Créer les conditions d’une appropriation collective de la stratégie

Ces cafés n’étaient pas pensés comme un outil de communication descendante, mais comme un levier d’appropriation profonde.
Leur préparation a constitué une étape clé :
le comité de direction et l’encadrement ont dû travailler ensemble, en binôme, pour être capables de présenter la stratégie, d’en expliquer les enjeux, et d’animer les échanges.
Ce travail de préparation a permis une appropriation réelle de la stratégie par ceux qui allaient ensuite la porter.

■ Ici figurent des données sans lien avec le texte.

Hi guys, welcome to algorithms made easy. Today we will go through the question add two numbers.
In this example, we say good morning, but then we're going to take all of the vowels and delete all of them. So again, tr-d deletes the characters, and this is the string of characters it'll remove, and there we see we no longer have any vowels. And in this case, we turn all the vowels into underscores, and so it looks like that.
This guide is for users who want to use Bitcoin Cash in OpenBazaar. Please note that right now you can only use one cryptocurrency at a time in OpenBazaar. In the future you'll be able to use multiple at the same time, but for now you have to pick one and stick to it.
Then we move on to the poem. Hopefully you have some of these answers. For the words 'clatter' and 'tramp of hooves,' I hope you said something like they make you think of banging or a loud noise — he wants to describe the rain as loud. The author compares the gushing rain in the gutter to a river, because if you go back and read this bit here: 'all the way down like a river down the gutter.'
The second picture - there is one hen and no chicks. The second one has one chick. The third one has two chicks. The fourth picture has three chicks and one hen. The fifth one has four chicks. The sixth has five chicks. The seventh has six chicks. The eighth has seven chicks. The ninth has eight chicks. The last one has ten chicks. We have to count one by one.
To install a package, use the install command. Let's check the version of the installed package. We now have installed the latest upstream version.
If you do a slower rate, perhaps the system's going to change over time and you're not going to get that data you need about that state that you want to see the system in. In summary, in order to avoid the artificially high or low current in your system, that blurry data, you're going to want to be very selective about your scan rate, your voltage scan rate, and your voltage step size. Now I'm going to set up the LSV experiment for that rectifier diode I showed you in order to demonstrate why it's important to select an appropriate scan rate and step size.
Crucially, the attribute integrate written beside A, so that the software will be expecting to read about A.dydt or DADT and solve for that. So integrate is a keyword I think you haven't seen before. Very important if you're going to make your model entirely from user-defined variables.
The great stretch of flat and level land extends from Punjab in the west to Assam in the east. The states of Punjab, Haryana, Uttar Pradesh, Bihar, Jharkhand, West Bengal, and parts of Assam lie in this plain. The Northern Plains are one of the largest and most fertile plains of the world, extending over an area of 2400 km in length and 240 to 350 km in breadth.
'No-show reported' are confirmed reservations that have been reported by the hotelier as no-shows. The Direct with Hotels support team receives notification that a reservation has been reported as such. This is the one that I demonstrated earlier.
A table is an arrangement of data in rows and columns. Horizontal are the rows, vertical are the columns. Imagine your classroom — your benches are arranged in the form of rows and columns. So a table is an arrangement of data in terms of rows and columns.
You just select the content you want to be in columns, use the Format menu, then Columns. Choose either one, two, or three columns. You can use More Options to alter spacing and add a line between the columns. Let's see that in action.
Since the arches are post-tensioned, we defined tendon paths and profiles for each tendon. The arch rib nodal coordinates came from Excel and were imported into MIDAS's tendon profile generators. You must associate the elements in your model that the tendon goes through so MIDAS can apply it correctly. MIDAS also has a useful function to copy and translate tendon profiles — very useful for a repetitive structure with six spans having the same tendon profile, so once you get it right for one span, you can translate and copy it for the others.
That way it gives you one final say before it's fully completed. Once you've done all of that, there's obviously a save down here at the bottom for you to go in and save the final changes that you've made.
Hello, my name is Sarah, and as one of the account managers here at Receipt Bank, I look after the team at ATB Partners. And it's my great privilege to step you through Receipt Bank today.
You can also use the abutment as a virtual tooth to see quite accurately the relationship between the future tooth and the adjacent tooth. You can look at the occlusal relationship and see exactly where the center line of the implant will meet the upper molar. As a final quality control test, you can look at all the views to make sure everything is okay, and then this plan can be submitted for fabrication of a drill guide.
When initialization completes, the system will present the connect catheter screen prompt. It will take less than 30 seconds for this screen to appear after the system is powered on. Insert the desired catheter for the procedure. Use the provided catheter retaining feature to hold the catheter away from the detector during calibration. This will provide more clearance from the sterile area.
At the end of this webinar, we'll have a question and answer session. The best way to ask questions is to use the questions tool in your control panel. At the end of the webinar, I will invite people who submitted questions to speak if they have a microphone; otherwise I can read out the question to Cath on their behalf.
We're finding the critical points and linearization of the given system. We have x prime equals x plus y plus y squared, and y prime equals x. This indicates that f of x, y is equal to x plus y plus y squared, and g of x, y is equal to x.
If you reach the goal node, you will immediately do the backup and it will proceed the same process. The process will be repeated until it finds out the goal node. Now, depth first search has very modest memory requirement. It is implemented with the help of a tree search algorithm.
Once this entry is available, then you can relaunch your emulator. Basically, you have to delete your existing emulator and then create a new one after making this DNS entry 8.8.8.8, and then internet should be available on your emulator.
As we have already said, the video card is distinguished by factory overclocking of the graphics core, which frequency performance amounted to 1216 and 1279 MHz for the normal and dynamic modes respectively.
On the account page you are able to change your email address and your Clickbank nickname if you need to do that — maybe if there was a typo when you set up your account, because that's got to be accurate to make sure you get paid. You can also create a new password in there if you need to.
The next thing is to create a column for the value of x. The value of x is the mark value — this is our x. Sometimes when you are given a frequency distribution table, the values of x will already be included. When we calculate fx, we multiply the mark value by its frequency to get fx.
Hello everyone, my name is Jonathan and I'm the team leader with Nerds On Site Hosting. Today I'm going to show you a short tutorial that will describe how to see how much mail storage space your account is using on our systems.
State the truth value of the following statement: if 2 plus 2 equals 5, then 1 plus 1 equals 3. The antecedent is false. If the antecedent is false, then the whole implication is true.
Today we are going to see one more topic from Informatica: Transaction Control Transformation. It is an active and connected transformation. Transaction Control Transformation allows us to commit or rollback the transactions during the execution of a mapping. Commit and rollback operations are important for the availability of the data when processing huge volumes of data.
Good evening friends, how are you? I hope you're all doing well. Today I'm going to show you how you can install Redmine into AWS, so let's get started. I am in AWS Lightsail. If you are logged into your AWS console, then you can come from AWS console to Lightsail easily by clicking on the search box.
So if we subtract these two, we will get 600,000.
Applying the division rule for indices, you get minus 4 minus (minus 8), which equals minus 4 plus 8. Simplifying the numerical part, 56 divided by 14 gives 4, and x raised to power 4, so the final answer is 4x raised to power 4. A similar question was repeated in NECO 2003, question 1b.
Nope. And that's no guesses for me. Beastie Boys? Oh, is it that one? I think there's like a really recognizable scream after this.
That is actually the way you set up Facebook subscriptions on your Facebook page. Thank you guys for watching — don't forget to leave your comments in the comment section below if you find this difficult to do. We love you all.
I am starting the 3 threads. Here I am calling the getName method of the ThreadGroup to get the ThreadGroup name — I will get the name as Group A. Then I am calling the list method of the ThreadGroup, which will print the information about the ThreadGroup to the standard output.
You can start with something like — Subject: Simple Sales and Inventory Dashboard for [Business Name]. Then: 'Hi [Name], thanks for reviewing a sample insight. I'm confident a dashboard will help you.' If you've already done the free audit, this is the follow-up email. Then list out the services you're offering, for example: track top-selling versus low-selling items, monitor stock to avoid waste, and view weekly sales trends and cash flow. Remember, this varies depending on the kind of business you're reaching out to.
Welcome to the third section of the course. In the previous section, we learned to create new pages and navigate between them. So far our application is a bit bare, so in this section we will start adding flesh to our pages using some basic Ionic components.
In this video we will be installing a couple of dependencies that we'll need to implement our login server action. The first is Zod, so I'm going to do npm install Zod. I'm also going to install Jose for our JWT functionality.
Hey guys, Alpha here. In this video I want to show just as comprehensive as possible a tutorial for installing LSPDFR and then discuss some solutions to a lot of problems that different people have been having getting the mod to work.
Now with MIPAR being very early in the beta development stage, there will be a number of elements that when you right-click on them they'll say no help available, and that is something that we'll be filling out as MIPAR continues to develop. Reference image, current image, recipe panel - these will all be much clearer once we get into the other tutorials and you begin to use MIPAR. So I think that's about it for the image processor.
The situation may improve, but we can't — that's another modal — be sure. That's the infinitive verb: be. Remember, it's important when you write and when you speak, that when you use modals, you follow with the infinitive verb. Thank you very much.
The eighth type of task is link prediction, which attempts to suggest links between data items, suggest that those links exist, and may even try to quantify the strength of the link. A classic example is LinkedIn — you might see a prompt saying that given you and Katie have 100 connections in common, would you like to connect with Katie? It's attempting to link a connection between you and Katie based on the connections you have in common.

Les cafés ont ensuite réuni l’ensemble des collaborateurs par groupes d’une cinquantaine de personnes, offrant des espaces de compréhension, de dialogue et de questionnement.
Ce processus a ouvert la voie à trois Forums Ouverts successifs, réunissant chacun près de 400 personnes pendant deux jours.
Au total, près de 1 200 collaborateurs — soit la quasi-totalité de l’entreprise — ont participé.
Plus de soixante thématiques ont émergé, donnant lieu à des projets concrets portés par des équipes volontaires, accompagnées dans la durée.
La transformation a ainsi changé de nature :
elle n’était plus un projet porté par quelques-uns, mais un mouvement collectif structuré.
Plusieurs années plus tard, l’entreprise est devenue société à mission.
Non comme un label ajouté a posteriori,
mais comme l’aboutissement d’un processus d’appropriation, de responsabilisation et de mise en cohérence profonde.

Ce type de situation est représentatif des contextes que j’accompagne dans les transformations organisationnelles complexes.